Menurut pengamat pasar barang koleksi, fenomena kenaikan harga ini dipicu oleh dua faktor utama: semakin sedikitnya pasokan uang kuno dalam kondisi “mint” (nyaris sempurna), serta meningkatnya minat global terhadap benda-benda bersejarah dari Asia Tenggara. “Setiap tahun stok berkurang, tapi permintaan naik. Secara ekonomi sederhana, kelangkaan otomatis menciptakan premium value,” ujar seorang konsultan kolektor numismatik di Jakarta.
Dalam konteks investasi, uang kuno kini masuk ke kategori store of value — terutama bagi mereka yang ingin mendiversifikasi aset fisik selain emas atau perhiasan antik. Kolektor profesional menilai bahwa uang kuno memiliki karakteristik unik: volatilitas relatif rendah, peningkatan harga stabil, dan lebih kebal terhadap fluktuasi ekonomi jangka pendek karena basis nilainya bukan kurs, tetapi historical premium.
Di sejumlah komunitas high-end, uang kuno bahkan mulai diperlakukan menyerupai fine art investment. Nilainya bukan lagi hanya pada “berapa usia uang itu”, tetapi “berapa kuat kisah sejarah yang dibawanya”. Edaran uang masa revolusi misalnya, bisa lebih tinggi nilainya dibanding uang yang lebih tua namun tidak memiliki narasi kebangsaan yang kuat. Storytelling menjadi bagian dari valuasi.

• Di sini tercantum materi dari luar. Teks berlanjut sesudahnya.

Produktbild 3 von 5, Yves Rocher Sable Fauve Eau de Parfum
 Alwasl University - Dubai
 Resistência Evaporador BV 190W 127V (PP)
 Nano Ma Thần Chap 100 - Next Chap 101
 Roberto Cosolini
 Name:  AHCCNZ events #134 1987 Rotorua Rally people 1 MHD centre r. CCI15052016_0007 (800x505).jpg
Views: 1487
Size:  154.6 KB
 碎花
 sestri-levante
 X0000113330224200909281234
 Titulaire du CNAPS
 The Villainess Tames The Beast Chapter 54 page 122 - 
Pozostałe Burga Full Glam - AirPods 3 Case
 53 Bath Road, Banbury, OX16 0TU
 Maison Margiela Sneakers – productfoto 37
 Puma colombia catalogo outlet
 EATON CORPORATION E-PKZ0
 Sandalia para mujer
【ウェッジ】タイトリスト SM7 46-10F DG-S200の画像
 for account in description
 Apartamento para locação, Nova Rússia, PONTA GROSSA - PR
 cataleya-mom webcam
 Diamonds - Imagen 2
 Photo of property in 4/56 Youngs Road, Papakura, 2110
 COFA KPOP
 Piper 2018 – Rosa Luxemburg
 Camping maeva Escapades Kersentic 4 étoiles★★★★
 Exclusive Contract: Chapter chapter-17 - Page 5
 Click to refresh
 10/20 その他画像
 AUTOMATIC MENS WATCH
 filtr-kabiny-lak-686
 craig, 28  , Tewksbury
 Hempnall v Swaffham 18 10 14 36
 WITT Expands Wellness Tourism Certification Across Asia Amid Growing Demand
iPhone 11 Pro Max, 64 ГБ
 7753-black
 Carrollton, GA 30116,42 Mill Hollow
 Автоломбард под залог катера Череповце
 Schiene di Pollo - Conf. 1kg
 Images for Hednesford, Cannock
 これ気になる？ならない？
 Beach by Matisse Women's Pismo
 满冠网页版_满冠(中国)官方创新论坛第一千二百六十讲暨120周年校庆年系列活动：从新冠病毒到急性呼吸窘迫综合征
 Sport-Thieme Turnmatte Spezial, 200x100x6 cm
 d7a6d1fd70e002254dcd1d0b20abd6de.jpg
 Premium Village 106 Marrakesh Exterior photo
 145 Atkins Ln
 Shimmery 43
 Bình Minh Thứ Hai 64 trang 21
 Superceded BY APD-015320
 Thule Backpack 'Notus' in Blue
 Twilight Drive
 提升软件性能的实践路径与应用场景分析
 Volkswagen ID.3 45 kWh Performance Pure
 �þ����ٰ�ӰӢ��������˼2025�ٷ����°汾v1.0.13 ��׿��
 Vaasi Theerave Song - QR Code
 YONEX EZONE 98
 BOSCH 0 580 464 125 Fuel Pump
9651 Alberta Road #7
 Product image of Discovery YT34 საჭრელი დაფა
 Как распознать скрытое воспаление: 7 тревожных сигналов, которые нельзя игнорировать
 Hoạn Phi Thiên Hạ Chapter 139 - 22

Masuknya investor baru dari kalangan pengusaha dan profesional juga mendorong perputaran harga. Sebagian kolektor kini mengadopsi pola kepemilikan jangka panjang — mirip konsep holding dalam aset investasi — dengan strategi menahan koleksi tertentu hingga kelangkaannya mencapai titik maksimum. Pola ini menyebabkan harga di pasar terbuka kerap loncat signifikan dari tahun ke tahun.
Pasar ini sebagian besar masih bergerak secara privat, melalui lelang terbatas, komunitas tertutup, dan jaringan kolektor senior. Namun sisi inilah yang justru menjadi nilai tambah: eksklusivitas menciptakan stabilitas harga dan prestise kepemilikan. Tidak sembarang orang bisa masuk, karena kredibilitas dan rekam jejak kolektor sering lebih menentukan daripada uang tunai yang dibawa.
Sejumlah analis memperkirakan bahwa dalam lima tahun ke depan, numismatik berpotensi menempati ruang baru sebagai aset premium alternatif di Indonesia, sejajar dengan seni rupa dan barang antik. Peningkatan minat lintas generasi juga memperkuat proyeksi bahwa pasar ini masih jauh dari titik jenuh.
Bagi kolektor profesional, uang kuno tidak hanya menyimpan nilai masa lalu, tetapi juga menyimpan masa depan. Sebab semakin jauh sebuah mata uang ditinggalkan waktu, semakin mahal biaya untuk mengembalikannya dalam genggaman.